■ WHAT IS BEING ASKED ■
A faithful copy of all the data is required; pictures should not be included.

■ EXTRACTED DATA ■
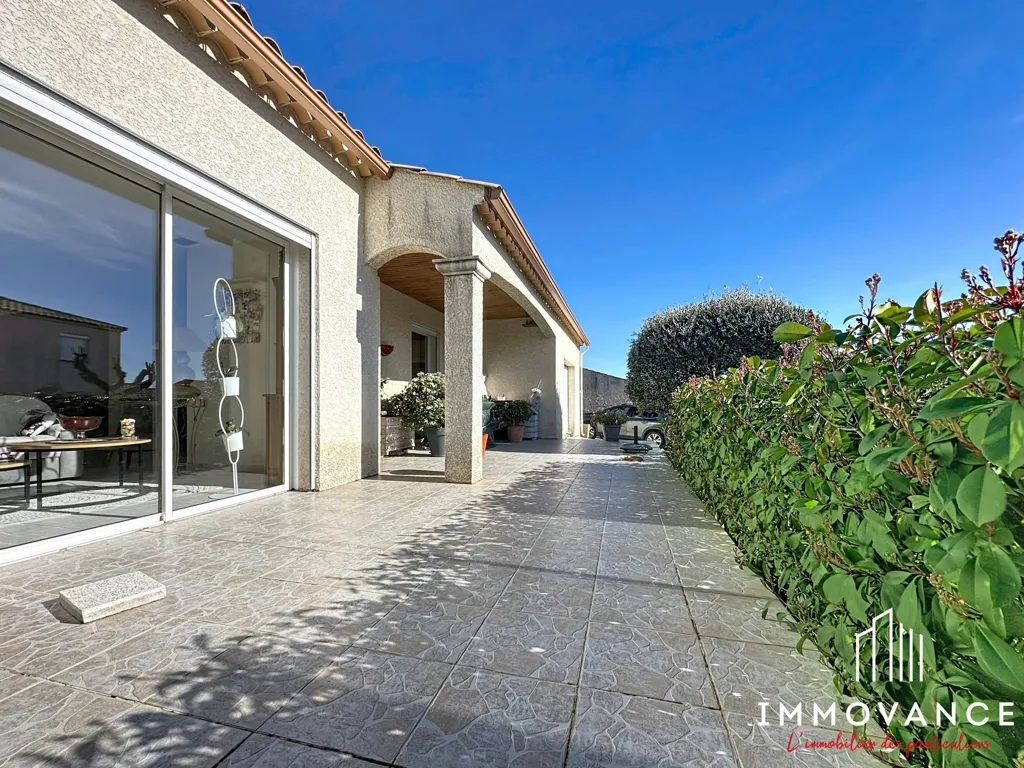Terrazza - Semi-detached Villa with Pool in Quiet Area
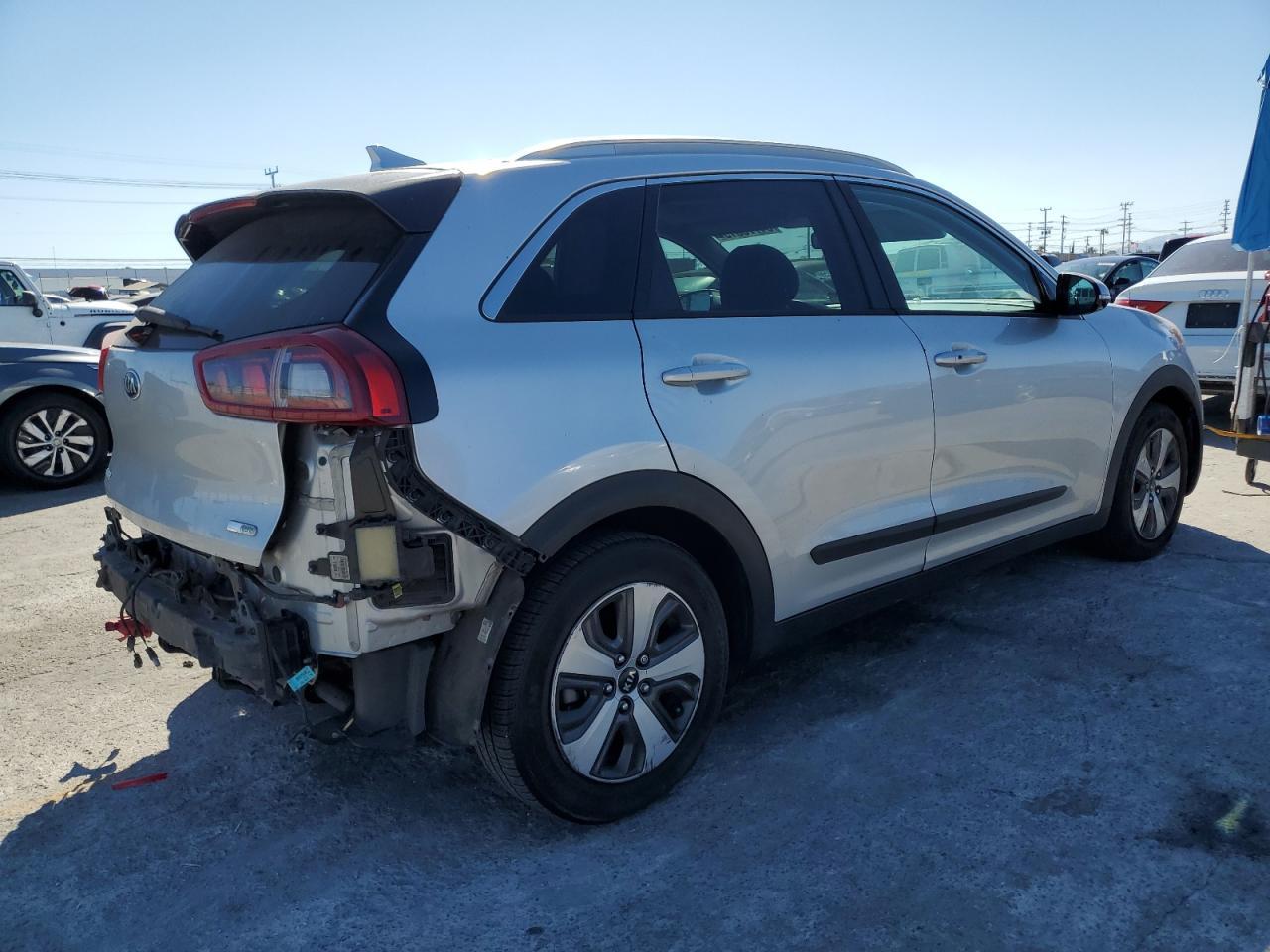 2017 Kia Niro Ex - Фото 3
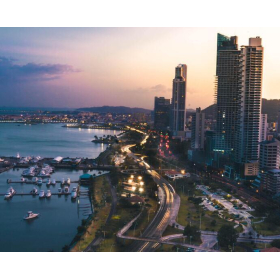 “La industria más solicitada, en materia de inversión, es la inmobiliaria”, destaca Paz. / Miguel Bruna - Unsplash.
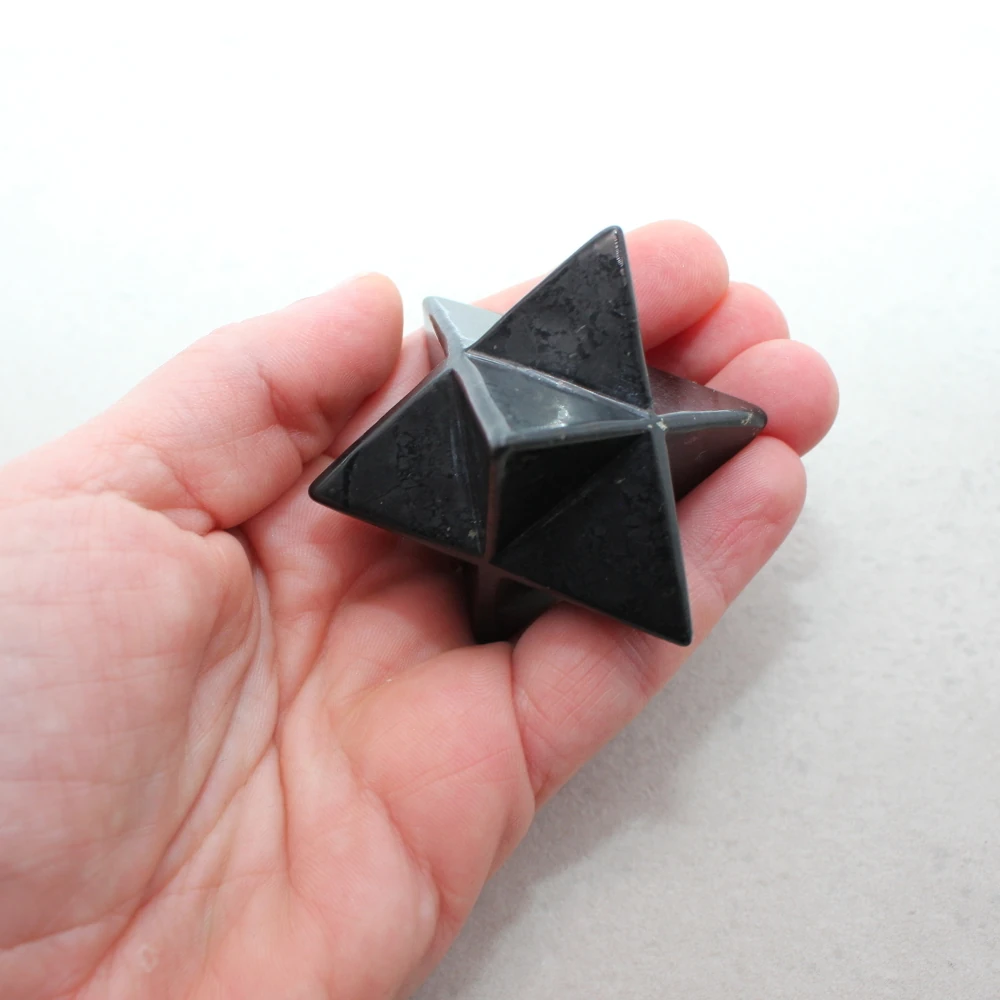 Merkaba aus Schungit in einer Hand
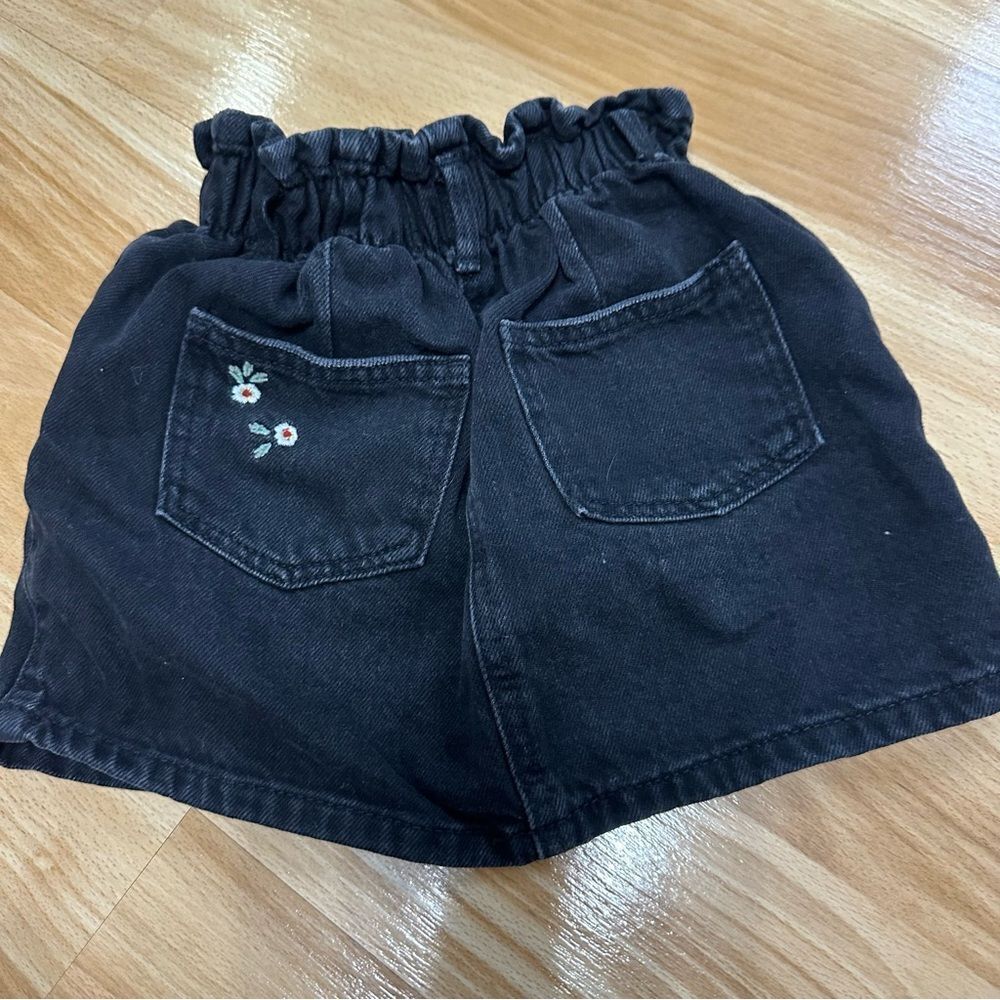 Zara Toddler Black Denim Flower Embroidered Skirt size‎ 18-24 - Picture 5 of 6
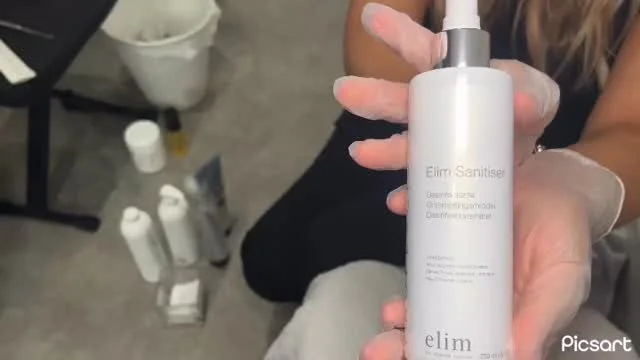 Elim Mediheel pedicures are not only an amazing way to relax and clear your mind, but also really beneficial for your feet/legs!
Visit my website in my bio today so that you too can sit back and enjoy this premium treatment 💆‍♀️
#pedicure #me
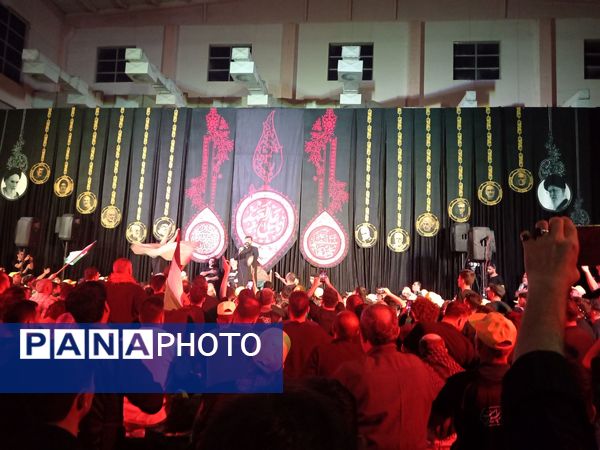 همایش بزرگ کشوری کاروان زیارتی رهسپاران عصر ظهور در ورزشگاه عراق 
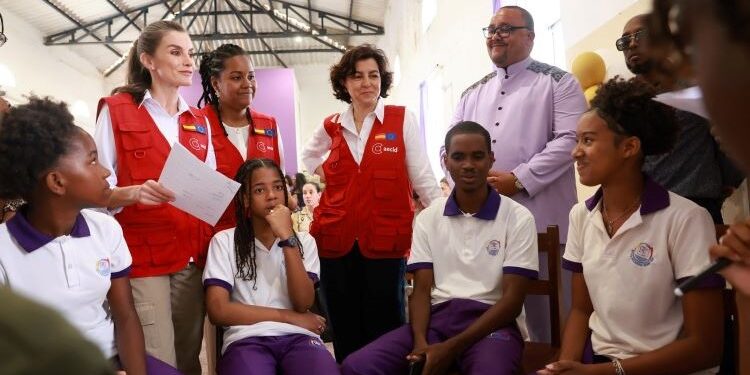 La Reina visita en Cabo Verde proyectos sobre violencia de género, seguridad alimentaria y economía azul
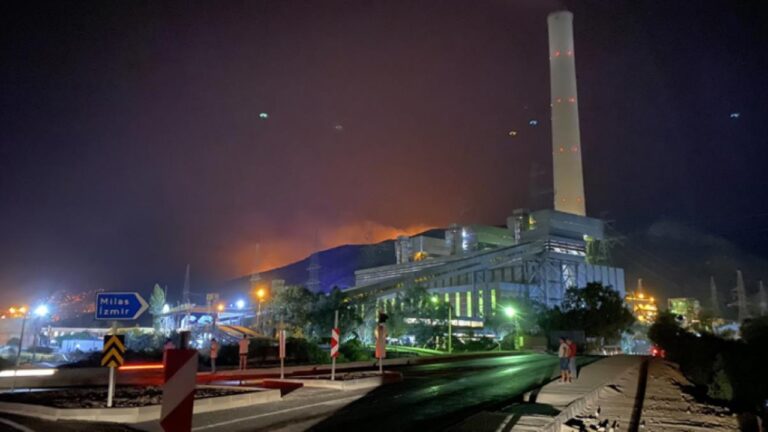 Son dakika: Milas’ta alevler termik santrale girdi!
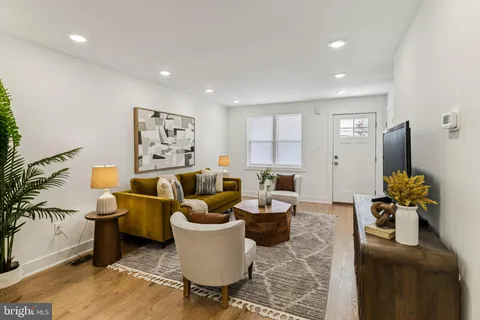 $575,000 | 732 Harry Street, Conshohocken, PA 19428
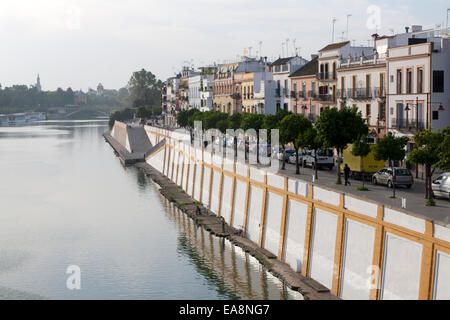 Historische Häuser auf Calle Betis im Stadtteil Triana an den Ufern des Flusses Guadalquivir, Sevilla, Spanien Stockfoto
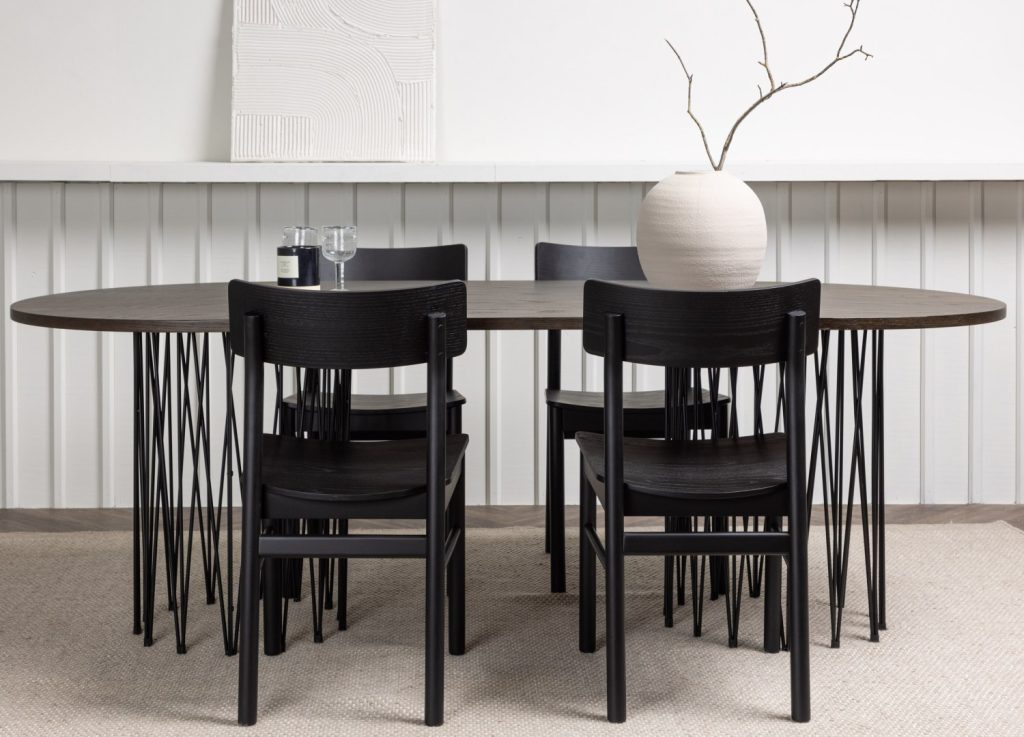 Ensemble table à manger ovale Stone avec 4 chaises Montros dans une salle à manger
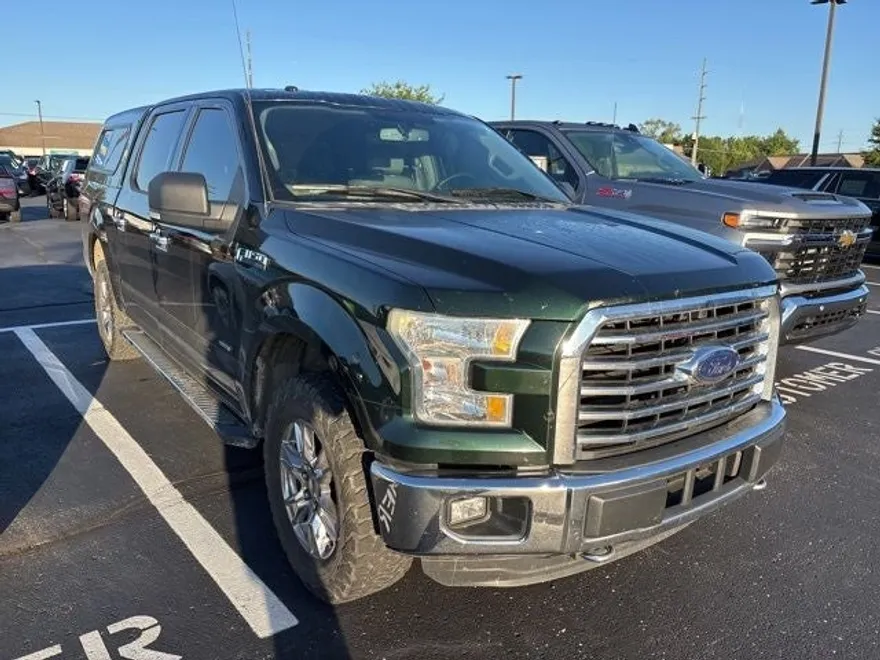 2015 Ford F-150 XLT photo 1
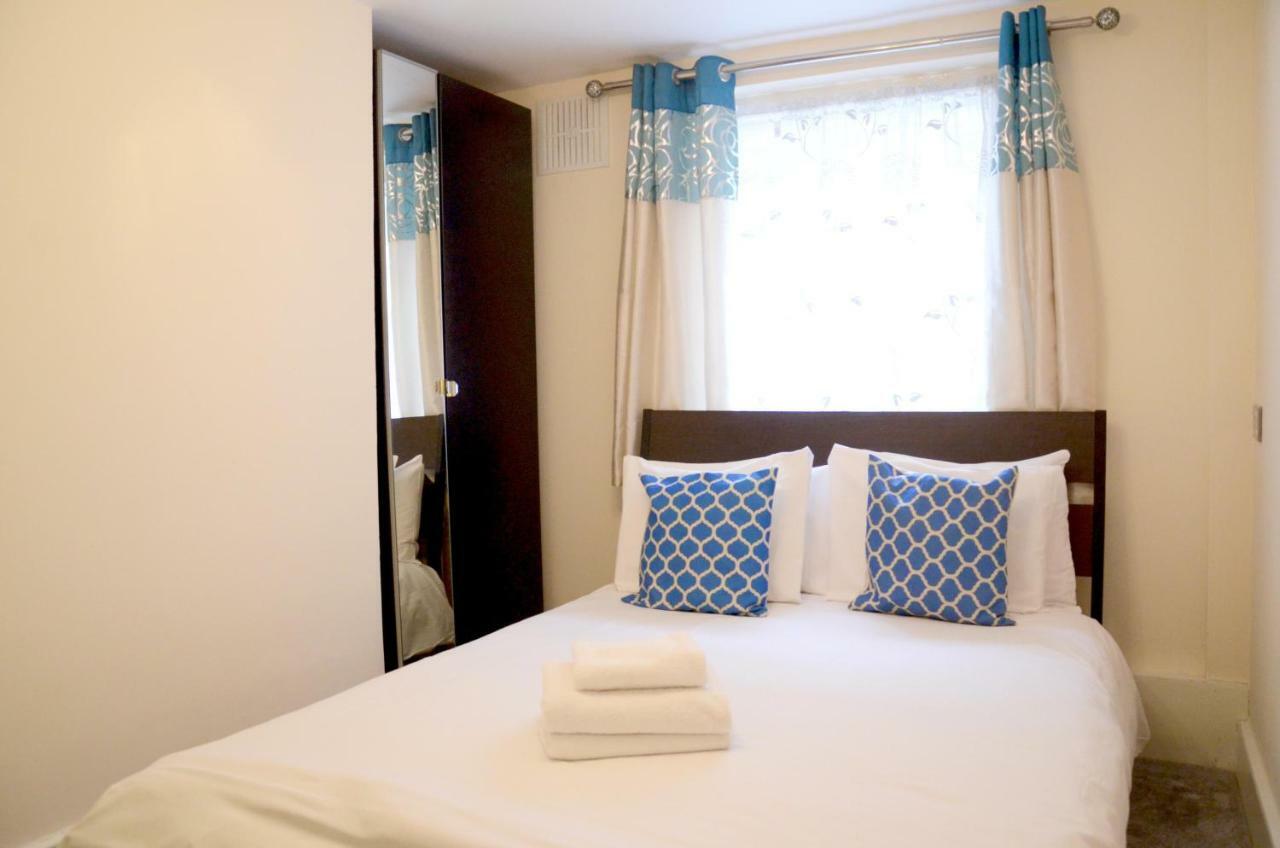 Oyo Home Kings Cross-St Pancras Garden 4 Bedroom London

■ RESULT OF THIS EXERCISE ■
Terrazza - Semi-detached Villa with Pool in Quiet Area
 2017 Kia Niro Ex - Фото 3
 “La industria más solicitada, en materia de inversión, es la inmobiliaria”, destaca Paz. / Miguel Bruna - Unsplash.
 Merkaba aus Schungit in einer Hand
 Zara Toddler Black Denim Flower Embroidered Skirt size‎ 18-24 - Picture 5 of 6
 Elim Mediheel pedicures are not only an amazing way to relax and clear your mind, but also really beneficial for your feet/legs!
Visit my website in my bio today so that you too can sit back and enjoy this premium treatment 💆‍♀️
#pedicure #me
 همایش بزرگ کشوری کاروان زیارتی رهسپاران عصر ظهور در ورزشگاه عراق 
 La Reina visita en Cabo Verde proyectos sobre violencia de género, seguridad alimentaria y economía azul
 Son dakika: Milas’ta alevler termik santrale girdi!
 $575,000 | 732 Harry Street, Conshohocken, PA 19428
 Historische Häuser auf Calle Betis im Stadtteil Triana an den Ufern des Flusses Guadalquivir, Sevilla, Spanien Stockfoto
 Ensemble table à manger ovale Stone avec 4 chaises Montros dans une salle à manger
 2015 Ford F-150 XLT photo 1
 Oyo Home Kings Cross-St Pancras Garden 4 Bedroom London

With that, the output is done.